So yes, most Exalts will try to arm themselves in this really good stuff. And if they can't get jade-steel, they'll go for steel, and if they can't get that, they'll go for bronze or iron. But they have the really good stuff because they're Exalts and so can more easily get [4] the leftovers of the Shogunate or the incredible crafts of the modern age, not because they're the only ones who can use it. And this means that the "Excaliburs" (like the Eye of the Fire Dragon) really stand out. They're the ones that have real magical effects; the Kusanagis, the Gugnirs, the Brahmastras [5]; made from pure magical materials and which add mythic capabilities and wonder to the basic weapon they transcend.
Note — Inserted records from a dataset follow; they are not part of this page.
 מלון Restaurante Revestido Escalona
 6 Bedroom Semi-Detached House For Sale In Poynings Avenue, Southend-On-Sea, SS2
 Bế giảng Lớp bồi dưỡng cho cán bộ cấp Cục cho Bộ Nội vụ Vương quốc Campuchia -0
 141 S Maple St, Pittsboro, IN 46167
Most current "magical material" weapons just become advanced special materials, to steel as steel is to bronze. So, for example, the Realm's heavy infantry wears jade-steel breastplates because the Realm retains the capacity to make it [6]. It's literally just "very hard metal which is very good at holding an edge, which doesn't rust and so which tends to get reused and reforged and repurposed". A lot of Scavenger Land "daiklaves" are, in fact, literally reforged combine harvester blades. Pure jade things are the actually-magical ones. Jade-steel is a hard-to-forge alloy which requires similar levels of steps above steel as steel requires above iron. It's mostly iron, with traces of jade dust in the same way that steel is mostly iron with traces of carbon - the Shogunate loved their jade-steel, and used tonnes of it. Chiaroscuro glass is one example; scavenged from the wreckage of somebody's glass arcology. It means the city is a lot more important than it's portrayed as simply for the raw material. A shard of that in a strong vise and you have a lathe that'll never wear out, etc.
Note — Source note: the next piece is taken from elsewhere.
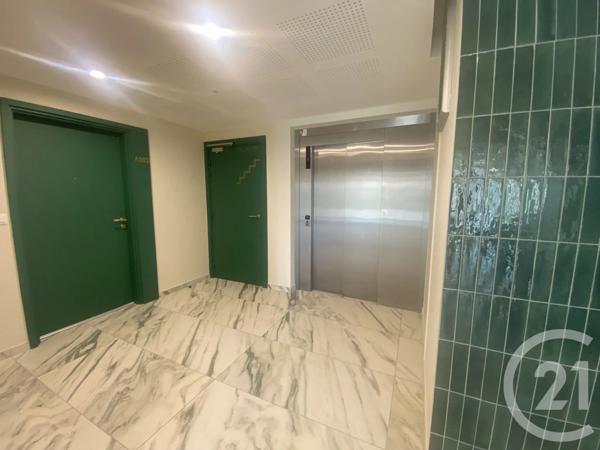 Appartement T3 à vendre  3 pièces - 70,10 m 2   CLERMONT L HERAULT  - 34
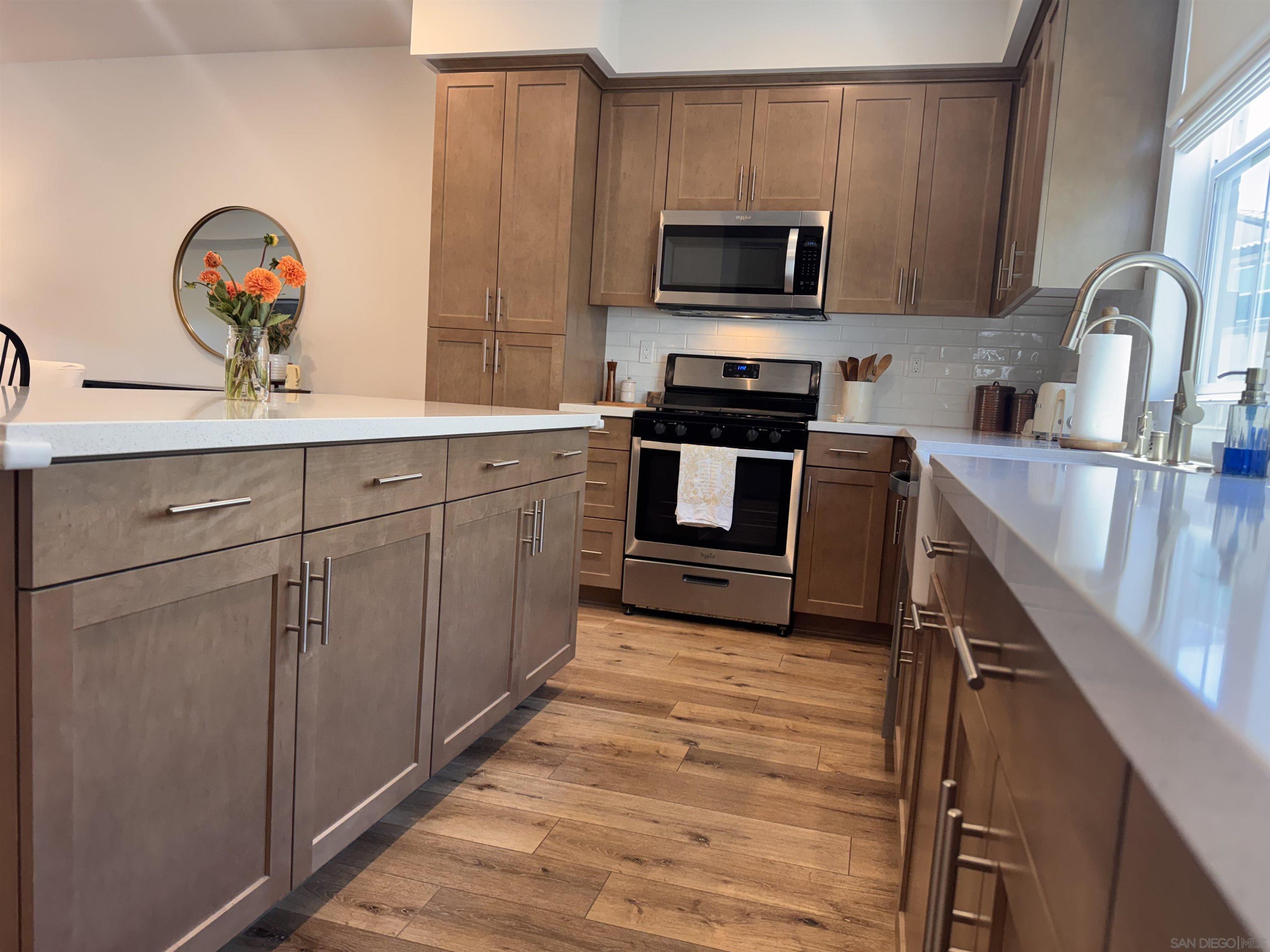 426 Carina Gln — photo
And there are other "lesser magical materials" too - tumbaga; a lesser cousin of orichalcum made by melting pure gold and raw copper together, hammered, beaten, forged, immersed in strong acid and then boiled down by the heat of magma or the summer sun, accompanied by the proper rituals; then repeating the process nine times more. Three pounds of raw materials make one of tumbaga, and an error in a single step can ruin the entire forging, leaving it good only for jewelry. This is something mortals can make - but only just, at the highest tech levels of the Age of Sorrows - and which requires Shogunate-level infrastructure to produce on any kind of scale.

You can invent the fluff for them as you like - iskarite; an impure alloy of lead, silver and quicksilver whose mirror-like surface is broken up by matte grey patches. Elinvar; hardwood grown on soil saturated with starmetal from a fallen star; the wood run through with pale streaks and a natural finish that seems to ripple in the light, so tough that it needs jade-tipped tools to work it. Diamond; a relative of adamant made by crushing raw gemstone to a fine powder and treated with caustic acid, enormous pressure and intense heat and cold to purge it of its elemental nature, leaving a lightweight, clear material with little elemental nature and astonishing hardness - the fainter the remaining traces of colour, the higher the quality. The important qualities are always the same - they're nearly (though not completely) unbreakable, they're superior to normal materials, they're right on the edge of human ability to make (mass-producible only at a Shogunate tech/infrastructure level [7]), and they're pretty uncommon. And as a result, everybody wants them.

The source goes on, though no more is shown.